Wine. Can Australia overcome a harsh reality in the US

The export market to the United States has never been an easy nut to crack but post global financial crisis it's become positively concrete.
The American economy is struggling against growing debt and recession, the Australian dollar floats around parity and there is a worrying awareness that the once loved Aussie brand is becoming a little stale among US wine drinkers.
At the recent Winemakers' Federation of Australia Outlook conference, guest presenter and a respected United States wine marketing authority John Gillespie delivered the statistics with a healthy dose of advice in his 'Realities in the USA' presentation.
Wine consumption in the US continues to rise and Gillespie, the US Wine Market Council president and chief executive officer of Wine Opinions, says it's a trend unlikely to change in the near future.

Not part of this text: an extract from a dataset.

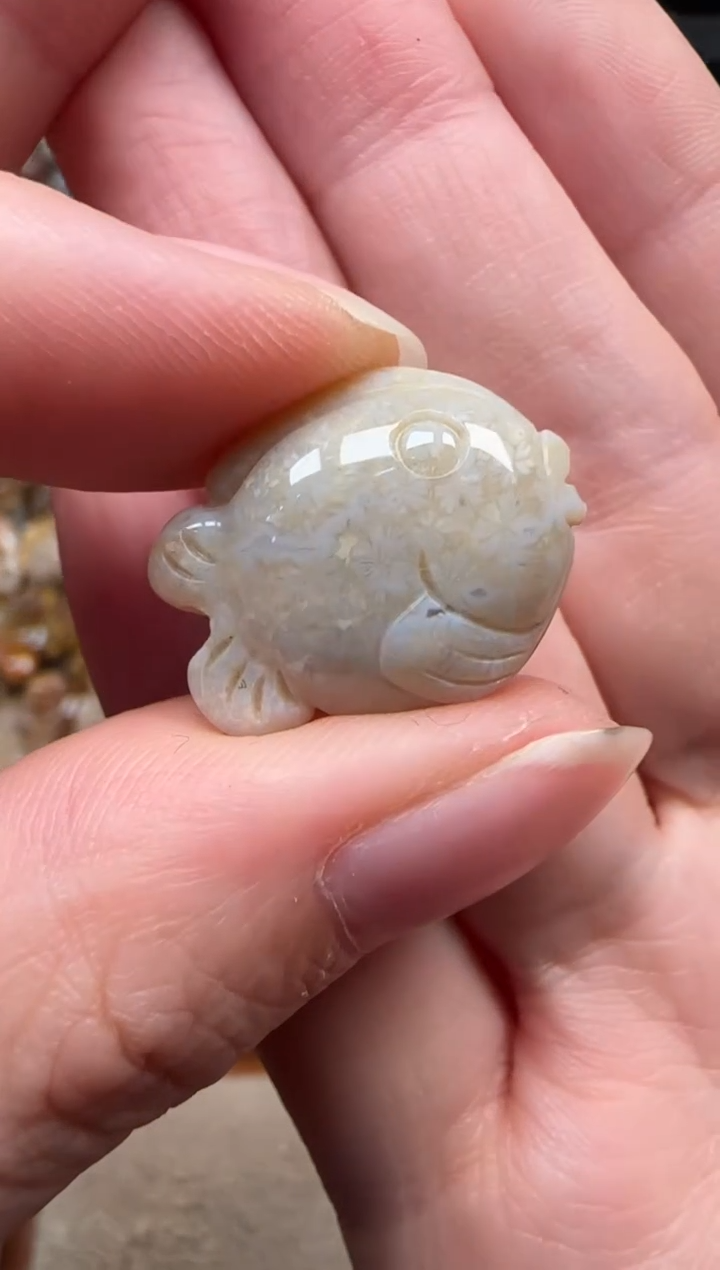 颈饰未镶嵌硅化珊瑚（珊瑚玉）026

The big picture: US wine consumption
In 2009, 276 million cases of table wine were consumed in the US. It's a figure that's been steadily rising since 1994.
The per capita annual consumption in the US, based on data by the US Wine Council, is also growing, reaching 3.02 gallons per person in 2009. Of those consuming wine, Gillespie says 57% of them are core wine drinkers, drinking every day or weekly. The next biggest wine consumer sector are the marginal consumers. At 43%, marginals drink a couple of times a month.
There about 77 million core and marginal wine consumers in the US and core drinkers consume 91% of the country's total wine consumption.
The latest Nielsen Company data released in October shows a continued growth in consumption but decrease in imports.
In the year ending 24 July 2010, total domestic wine sales had increased in dollar value by 4.5% on the previous year. Imported wine sales decreased by 1%. In total volume of cases, domestic wine sales grew by 2.7% and imported wine sales dropped by 0.5%.
Competition heats up
Gillespie delivered the figures on sales trends, broke it down further among age groups, the different sexes and price points, but there was one question from the wine industry audience which rang out the loudest: Is Australia on the nose in the US market?
Gillespie didn't disagree.
'In looking at results from a recent survey of the US wine trade, and in speaking to distributors and retailers, I do think it is fair to say that there is some disaffection with Australian wines,' Gillespie said, in a later interview with the Grapegrower and Winemaker.
'However, I believe it is mostly a matter of lost share of mind due to very strong promotional efforts from other wine sources such as Spain, Chile, and Argentina - all of whom compete in the same price sectors as Australia.
'There is also the fact that both consumers and the trade feel they already know a lot about Australian wines, while they are more recently discovering wines like Malbec from Argentina and Albarino from Spain.'
According to a survey conducted by Wine Opinions, US on-premise sellers were selling less Australian wine in 2010 than in 2009.
The survey showed 25% of the on-premise trade surveyed said they were selling less Australian wine under $20, 27% said they don't sell it at all, 30% said sales remained the same and 19% said they were selling more.
For premises selling Australian wine over $20, 37% said they were selling less, 28% said they didn't sell it, 28% said sales remained the same and just 7% said they were selling more.
Wines sales from Spain, Argentina and Chile grew in the same period. In the under $20 price point, the survey showed 49% said they had sold more wine from Argentina and 37% said they sold more Chile and Spanish wine. In wine sales over $20, 16% said they sold more Argentina wine, and 11% said they sold more wine from Chile and Spain.
The latest Nielsen data shows a 5.3% drop in the amount of Australian table wine cases imported into the US in the year ending 24 July 2010 and a 7.5% drop in the market share of sales.
In the same time period, table wine imports from Argentina grew in sales share by 30.9% and in total volume of cases by 23.9%. Wine from Chile had an increase in sales share of 1.9% and in case volume 3.7%. Wine from Spain increased their sales share by 1.3% and by 2.9% in case volume.
New Zealand's total dollar value of imports grew by 18% and increased their total volume of cases by 25%. Germany and Portugal also saw an increase in sales share and cases imported.
Wine Assist principal Dan Traucki, who provides export support for a number of Australian brands in Asia and to a lesser extent the US, believes the Australian brand problem is less to do with being 'on the nose' and more about an oversupply of lower quality wine which is turning many of the mature markets and consumers away.
'In the US, I would suggest that the low cost 'critter' type wines have well and truly lost the newness and excitement they previously generated,' he said.
'They probably still have a place in the emerging markets such as part of Asia, but they appear to have just about reached their 'use by date' in America.'
Like Gillespie, Traucki believes the wines from countries such as Argentina and Chile have replaced Australia as the 'new and exciting' wine style and brand among experienced wine consumers - but only in the lower end of the market, which he says Australia should be aiming to get out of.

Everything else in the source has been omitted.